Do you think that the owners of that particular brand of tires are worse about maintaining proper pressures and/or tend to run over more debris?

No one is going to argue that maintaining proper pressure is not a good idea, nor is anyone going to argue that having a TPMS system is not a good idea. I think the general objection is that you seem to be indicating pressure and/or debris or the cause of problems with many of these tires made in China.

To be honest, if that's what you're proposing, I simply don't agree. And I'll state flatly, that manufacturers that are buying a tire that is at 93% of rated capacity out of (assuming perfect tire/axle balance) - that's not the right choice by the manufacturer... At least in my opinion. And dealers will sell anything. My sales guy looked at the rating on my axles and told me "it's a misprint" - simply because he didn't know to subtract the pin weight. Most consumers don't check post sale... And when a tire COMPLETELY destroys itself, root cause is hard to find.


Note, I've had a Goodyear LT truck tire go. Belt separated. Properly inflated (I had just checked), no TPMS. However, I'd rather go with a Goodyear than a factory tire that's at borderline capacity and a "new" brand name made at the same factory as a plant where there are lots of complaints about other brand names.

Too often people confuse correlation with causation.

With tens of thousands of measurements in their database it is well established that a majority of RVs have one or more tires in an overload / under inflated condition. So with over half of people having tires operating beyond their design limits why are people so surprised that a good portion of RV owners have tire problems.

RE China made products. While they may have a problem with having a quality mindset that allows and encourages the worker to follow good quality practices problems with making a quality product are not as much a function of ZIP code of the factory as the failure of RV companies to demand better quality from both their own workers and of the products provided by their suppliers.
If you were to check out the Airstream forum you would see they have a lot of quality complaints. Since most Airstreams are made in Jackson, Ohio and since there a lot of product complaints on the Airstream forum does that prove that any RV made in Ohio is a bad product?
There are some tires made in China where the company has made the effort to produce good quality products. These companies are the ones that offer multi year warranty on their products.

Just how many people, when shopping for tires, ask about the length and items covered under the product warranty rather than "What is the lowest price"?

RE my claim " indicating pressure and/or debris or the cause of problems "
is just based on what I see in the thousands of tires I have inspected and the numerous tires I see pictures of on this and other forums.

Sidewall flex failures with evidence of sidewall temperature exceeding 350F is the proof of a run low flex failure as I have never seen a tire with this evidence that failed for some reason other then extreme low inflation and operation at highway speed.
Here are a few examples




Here is melted Polyester


Here is a tire with melted polyester, Interior abrasion from a few miles at less than 5 psi


Here is the interior of a tire that had 5 psi in it after 3 miles at 10 mph.
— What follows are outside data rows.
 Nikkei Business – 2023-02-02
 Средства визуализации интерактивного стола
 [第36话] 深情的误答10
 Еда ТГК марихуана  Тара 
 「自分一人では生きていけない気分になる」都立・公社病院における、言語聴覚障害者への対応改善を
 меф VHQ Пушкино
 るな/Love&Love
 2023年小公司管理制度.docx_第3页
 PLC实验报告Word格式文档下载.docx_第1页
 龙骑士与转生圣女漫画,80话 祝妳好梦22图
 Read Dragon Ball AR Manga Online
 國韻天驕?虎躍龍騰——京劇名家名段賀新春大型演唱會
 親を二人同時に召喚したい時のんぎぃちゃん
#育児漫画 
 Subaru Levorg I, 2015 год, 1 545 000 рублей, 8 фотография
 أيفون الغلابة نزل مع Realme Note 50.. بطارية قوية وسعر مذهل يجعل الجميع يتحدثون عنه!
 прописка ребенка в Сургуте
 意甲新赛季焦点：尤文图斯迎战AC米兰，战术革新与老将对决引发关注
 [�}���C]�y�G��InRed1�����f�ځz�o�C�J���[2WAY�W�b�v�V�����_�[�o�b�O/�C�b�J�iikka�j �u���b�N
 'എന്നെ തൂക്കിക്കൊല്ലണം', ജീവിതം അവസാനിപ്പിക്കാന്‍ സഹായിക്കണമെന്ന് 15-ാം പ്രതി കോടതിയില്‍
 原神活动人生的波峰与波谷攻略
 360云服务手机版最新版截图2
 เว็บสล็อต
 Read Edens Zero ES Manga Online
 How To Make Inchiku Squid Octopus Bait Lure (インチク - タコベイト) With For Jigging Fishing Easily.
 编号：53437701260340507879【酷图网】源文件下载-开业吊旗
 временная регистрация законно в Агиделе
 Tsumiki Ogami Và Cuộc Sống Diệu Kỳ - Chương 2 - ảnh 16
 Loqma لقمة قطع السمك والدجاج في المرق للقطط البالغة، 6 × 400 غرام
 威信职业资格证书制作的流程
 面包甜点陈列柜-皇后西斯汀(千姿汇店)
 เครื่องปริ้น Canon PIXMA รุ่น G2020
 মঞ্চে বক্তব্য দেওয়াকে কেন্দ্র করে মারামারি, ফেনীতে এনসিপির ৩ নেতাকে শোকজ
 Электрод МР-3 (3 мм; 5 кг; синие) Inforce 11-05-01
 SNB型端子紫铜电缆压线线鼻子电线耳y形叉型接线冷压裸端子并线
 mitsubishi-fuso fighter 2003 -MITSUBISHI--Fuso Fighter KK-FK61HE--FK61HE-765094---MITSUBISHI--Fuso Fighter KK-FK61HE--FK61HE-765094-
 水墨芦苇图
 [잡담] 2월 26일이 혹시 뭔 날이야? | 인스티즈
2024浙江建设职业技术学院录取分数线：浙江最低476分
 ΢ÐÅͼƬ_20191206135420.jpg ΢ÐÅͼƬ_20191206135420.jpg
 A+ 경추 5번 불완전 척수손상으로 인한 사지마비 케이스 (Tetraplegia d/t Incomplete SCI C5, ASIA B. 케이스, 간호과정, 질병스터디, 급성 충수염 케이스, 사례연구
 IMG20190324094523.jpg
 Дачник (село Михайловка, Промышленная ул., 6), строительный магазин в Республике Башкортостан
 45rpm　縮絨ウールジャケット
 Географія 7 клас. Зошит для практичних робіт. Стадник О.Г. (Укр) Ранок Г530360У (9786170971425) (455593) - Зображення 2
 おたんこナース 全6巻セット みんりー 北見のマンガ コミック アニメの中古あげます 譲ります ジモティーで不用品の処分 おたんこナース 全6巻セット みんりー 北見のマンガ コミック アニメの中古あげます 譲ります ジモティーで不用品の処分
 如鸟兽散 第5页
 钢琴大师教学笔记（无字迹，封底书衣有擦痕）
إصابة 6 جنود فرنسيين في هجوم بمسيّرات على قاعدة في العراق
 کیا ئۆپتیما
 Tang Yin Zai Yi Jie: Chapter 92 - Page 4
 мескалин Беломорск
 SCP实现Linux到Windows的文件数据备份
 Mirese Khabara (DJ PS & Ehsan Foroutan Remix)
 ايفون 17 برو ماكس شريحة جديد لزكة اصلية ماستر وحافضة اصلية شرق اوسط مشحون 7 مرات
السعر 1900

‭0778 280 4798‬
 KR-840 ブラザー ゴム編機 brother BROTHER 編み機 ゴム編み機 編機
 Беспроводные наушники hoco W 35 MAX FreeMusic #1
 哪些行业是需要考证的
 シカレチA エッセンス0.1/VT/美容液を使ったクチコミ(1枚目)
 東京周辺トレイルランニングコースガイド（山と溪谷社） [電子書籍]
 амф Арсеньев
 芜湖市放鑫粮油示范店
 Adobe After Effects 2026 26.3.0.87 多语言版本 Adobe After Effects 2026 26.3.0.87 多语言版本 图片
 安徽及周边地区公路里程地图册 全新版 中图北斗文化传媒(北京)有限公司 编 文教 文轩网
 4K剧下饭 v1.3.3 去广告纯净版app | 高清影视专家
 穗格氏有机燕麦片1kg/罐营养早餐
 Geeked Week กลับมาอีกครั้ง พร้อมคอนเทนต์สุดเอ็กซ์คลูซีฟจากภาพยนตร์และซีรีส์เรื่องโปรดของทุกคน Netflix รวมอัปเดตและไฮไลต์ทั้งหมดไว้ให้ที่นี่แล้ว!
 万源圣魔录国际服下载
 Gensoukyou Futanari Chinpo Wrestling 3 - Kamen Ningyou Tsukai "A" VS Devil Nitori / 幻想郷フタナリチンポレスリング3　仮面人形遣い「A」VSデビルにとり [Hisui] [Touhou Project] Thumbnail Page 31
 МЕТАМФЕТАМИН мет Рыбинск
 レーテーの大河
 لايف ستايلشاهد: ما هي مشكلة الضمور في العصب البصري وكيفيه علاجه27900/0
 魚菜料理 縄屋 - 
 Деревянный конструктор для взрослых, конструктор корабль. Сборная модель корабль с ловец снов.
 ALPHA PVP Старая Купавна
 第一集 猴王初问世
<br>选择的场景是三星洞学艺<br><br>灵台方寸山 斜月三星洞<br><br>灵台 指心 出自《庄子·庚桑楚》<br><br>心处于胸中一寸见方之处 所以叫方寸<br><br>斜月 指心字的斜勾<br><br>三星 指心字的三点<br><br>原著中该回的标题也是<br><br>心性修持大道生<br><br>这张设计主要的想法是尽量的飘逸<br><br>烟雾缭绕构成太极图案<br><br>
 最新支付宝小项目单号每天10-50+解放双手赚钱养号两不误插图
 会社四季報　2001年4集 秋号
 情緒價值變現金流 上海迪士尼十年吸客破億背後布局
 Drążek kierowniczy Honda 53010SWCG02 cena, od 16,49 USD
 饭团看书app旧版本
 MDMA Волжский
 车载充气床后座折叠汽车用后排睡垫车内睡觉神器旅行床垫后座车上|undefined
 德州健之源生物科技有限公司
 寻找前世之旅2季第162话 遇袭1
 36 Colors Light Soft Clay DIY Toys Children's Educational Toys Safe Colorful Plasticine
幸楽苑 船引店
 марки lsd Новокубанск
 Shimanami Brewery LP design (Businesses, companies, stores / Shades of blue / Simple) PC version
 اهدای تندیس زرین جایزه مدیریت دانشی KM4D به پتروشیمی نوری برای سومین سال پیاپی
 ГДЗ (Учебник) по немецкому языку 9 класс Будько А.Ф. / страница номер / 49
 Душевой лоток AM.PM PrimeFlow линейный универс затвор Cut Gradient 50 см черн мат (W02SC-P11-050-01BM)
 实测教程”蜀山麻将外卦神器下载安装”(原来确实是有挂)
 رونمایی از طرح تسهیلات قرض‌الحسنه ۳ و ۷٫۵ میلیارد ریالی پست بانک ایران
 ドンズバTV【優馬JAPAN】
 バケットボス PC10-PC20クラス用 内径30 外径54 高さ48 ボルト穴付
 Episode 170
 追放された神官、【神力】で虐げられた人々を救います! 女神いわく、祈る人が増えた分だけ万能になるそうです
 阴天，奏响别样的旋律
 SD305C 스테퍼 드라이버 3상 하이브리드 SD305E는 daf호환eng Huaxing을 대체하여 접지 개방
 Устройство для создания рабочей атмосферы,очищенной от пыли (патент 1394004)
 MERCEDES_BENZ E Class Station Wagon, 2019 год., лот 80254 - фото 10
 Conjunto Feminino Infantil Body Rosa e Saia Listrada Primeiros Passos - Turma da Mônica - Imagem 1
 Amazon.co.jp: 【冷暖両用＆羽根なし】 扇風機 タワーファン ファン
That nice circumferential line of cracks is the location on the sidewall that would have melted if the tire had been running highway speeds.

See, I am a Tire Engineer and have done the examinations and the testing to establish conditions that if duplicated will 100% of the time result in a "Run Low Flex Failure" and the tire will have a number of pieces of evidence used to confirm the cause. This evidence does not occur only in tires made in China or made in Mexico or even made in Akron Ohio. This evidence will exist in any tire made with Polyester or Nylon body ply cord.

Note Steel body tires can also fail in similar fashion but with them we see steel fatigue like this electron microscope picture.


If essentially all OE tires on TT are made in China why would you expect the complaints to be about tires made in another country like say Germany?

Since almost all non tire related com[plaints about RVs are from RVs made in America I guess by your logic then America makes bad RVs.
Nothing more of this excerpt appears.